4. Numerical splitting. Treat a quantum-mechanical “atom” trapped in the double well: \(V(x) = \lambda(x^{2} - a^{2})^{2}\) with \(\lambda = 1\,\mathrm{eV/nm^{4}}\), \(a = 0.1\,\mathrm{nm}\), \(m = m_{e}\) (electron mass).

(a) Compute the small-oscillation frequency \(\omega = \sqrt{8\lambda a^{2}/m}\) in units of \(\mathrm{rad/s}\), and the harmonic level spacing \(\hbar\omega\) in eV.

(b) Compute \(S_{\text{inst}}/\hbar\) using the result of Problem 2.

(c) Estimate the splitting \(\Delta = \hbar K\,\mathrm{e}^{-S_{\text{inst}}/\hbar}\) taking \(K\sim\omega\) on dimensional grounds. Compare \(\Delta\) to \(\hbar\omega\) and explain why the suppression by \(\mathrm{e}^{-S_{\text{inst}}/\hbar}\) makes \(\Delta\) “non-perturbative” — invisible to any finite-order expansion in \(\hbar\) around either single well.

5. Even vs odd traversals. The dilute instanton gas sums over paths with \(n = 0, 1, 2,\ldots\) instantons placed at distinct times along the imaginary-time interval \(T\).

(a) Argue that paths with an odd number of instantons end at the opposite minimum from where they started, while paths with an even number return to the original minimum. (Use the kink structure \(\pm a \to \mp a\).)

(b) Sum the contributions of odd \(n\) to obtain \(\langle -a\vert\mathrm{e}^{-\hat{H}T/\hbar}\vert a\rangle = \mathrm{e}^{-E_{0}T/\hbar}\sinh\!\bigl(K\mathrm{e}^{-S_{\mathrm{inst}}/\hbar}T\bigr)\), and the contributions of even \(n\) to obtain \(\langle a\vert\mathrm{e}^{-\hat{H}T/\hbar}\vert a\rangle = \mathrm{e}^{-E_{0}T/\hbar}\cosh\!\bigl(K\mathrm{e}^{-S_{\mathrm{inst}}/\hbar}T\bigr)\).

(c) Compare the off-diagonal expression with the eigenstate expansion \(\mathrm{e}^{-E_{0}T/\hbar}\sinh(\Delta T/\hbar)\) to recover the splitting formula \(\Delta = \hbar K\mathrm{e}^{-S_{\mathrm{inst}}/\hbar}\).

6. When do instantons exist.
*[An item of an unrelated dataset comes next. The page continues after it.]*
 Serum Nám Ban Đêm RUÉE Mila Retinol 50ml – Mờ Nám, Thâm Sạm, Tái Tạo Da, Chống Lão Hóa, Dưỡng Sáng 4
Consider three potentials:

(i) \(V(x) = \lambda(x^{2} - a^{2})^{2}\) — degenerate double well (the lecture’s example),

(ii) \(V(x) = \lambda x^{4}\) — single well at \(x = 0\),

(iii) \(V(x) = \lambda(x^{2} - a^{2})^{2} - \epsilon x\) — asymmetric double well with small \(\epsilon > 0\).

(a) For each, sketch \(-V(x)\) and identify the asymptotic behavior. Which inverted potentials admit a finite-action solution \(x(\tau)\) interpolating between two maxima of \(-V\) as \(\tau \to \pm\infty\)?
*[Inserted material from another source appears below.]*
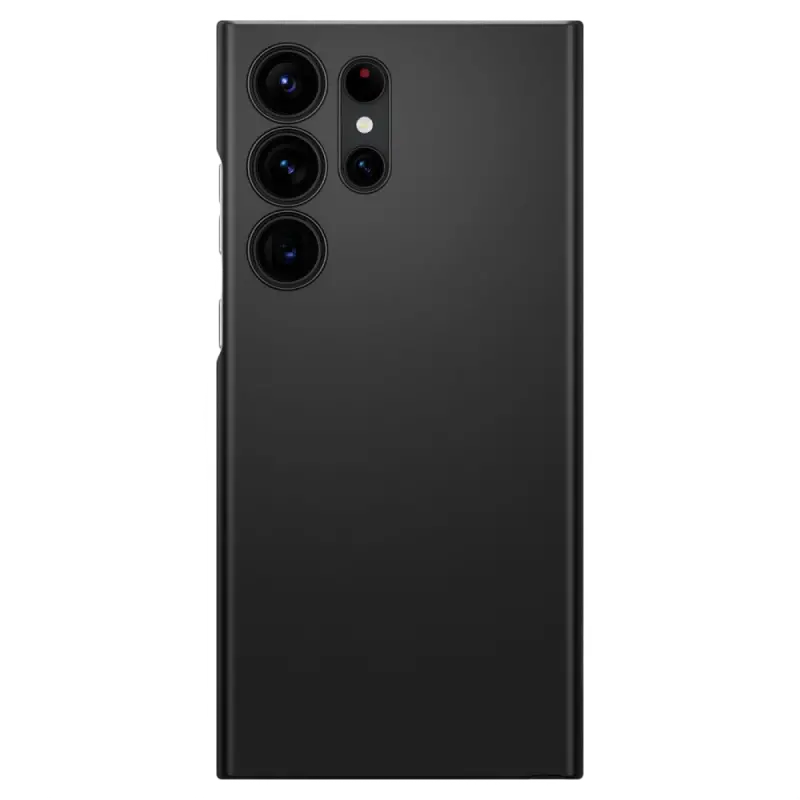 Чехол Spigen Samsung S23 Ultra, Airskin, Чёрный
(b) For (ii), explain why no finite-action kink exists: what feature of the inverted potential is missing?

(c) For (iii), the minima of \(V\) are split by \(\Delta V \approx 2\epsilon a\). Argue that the inverted-potential trajectory starting from rest at the higher maximum cannot end at rest at the lower one — energy conservation forbids it. Conclude that exact instantons require degenerate vacua.
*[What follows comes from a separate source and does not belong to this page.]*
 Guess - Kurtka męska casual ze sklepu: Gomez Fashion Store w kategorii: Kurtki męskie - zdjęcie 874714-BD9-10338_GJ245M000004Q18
7. WKB vs instanton. The WKB tunneling exponent is \(T \propto \exp(-2\gamma)\) with \(\gamma = \frac{1}{\hbar}\int_{x_{1}}^{x_{2}}\kappa(x)\,\mathrm{d}x\) and \(\kappa(x) = \sqrt{2m(V(x) - E)}\) (matching the §3.3.2 convention). For the double-well at energy \(E = 0\) (the bottom of either well), compare \(2\gamma\) to \(S_{\text{inst}}/\hbar\) and confirm both predict the same exponential dependence on \(\lambda\), \(m\), and \(a\).